### DATA EXTRACT

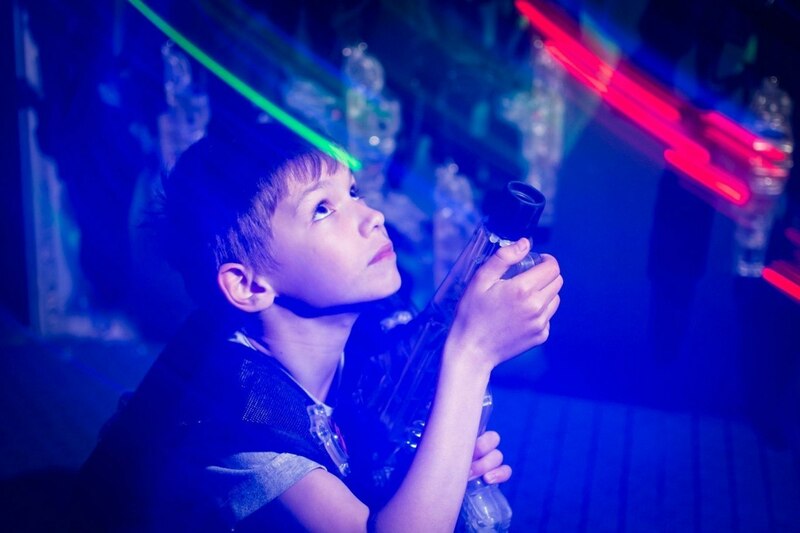 Летний пакет на День Рождения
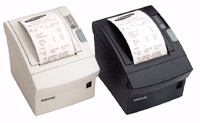 Maitre'D point of sale terminal hardware part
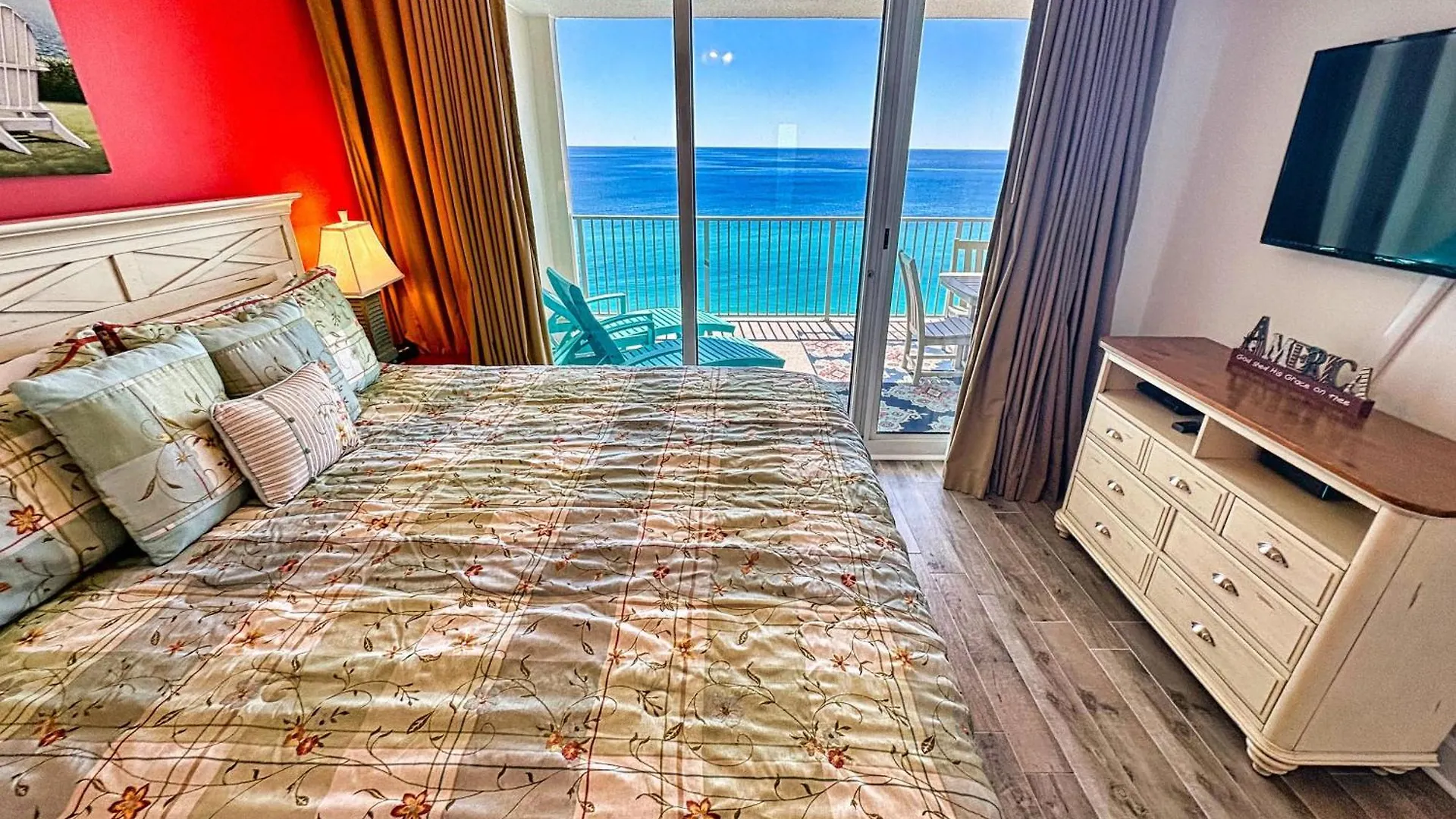 Villa Ocean Reef 1505 Panama Stadt 0*,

### THE TASK
Write out again, word for word, the lines from the one holding "Maitre'D point of" through the final line of the listing, including both ends but no pictures.

### EXERCISE SOLUTION
 Maitre'D point of sale terminal hardware part
 Villa Ocean Reef 1505 Panama Stadt 0*,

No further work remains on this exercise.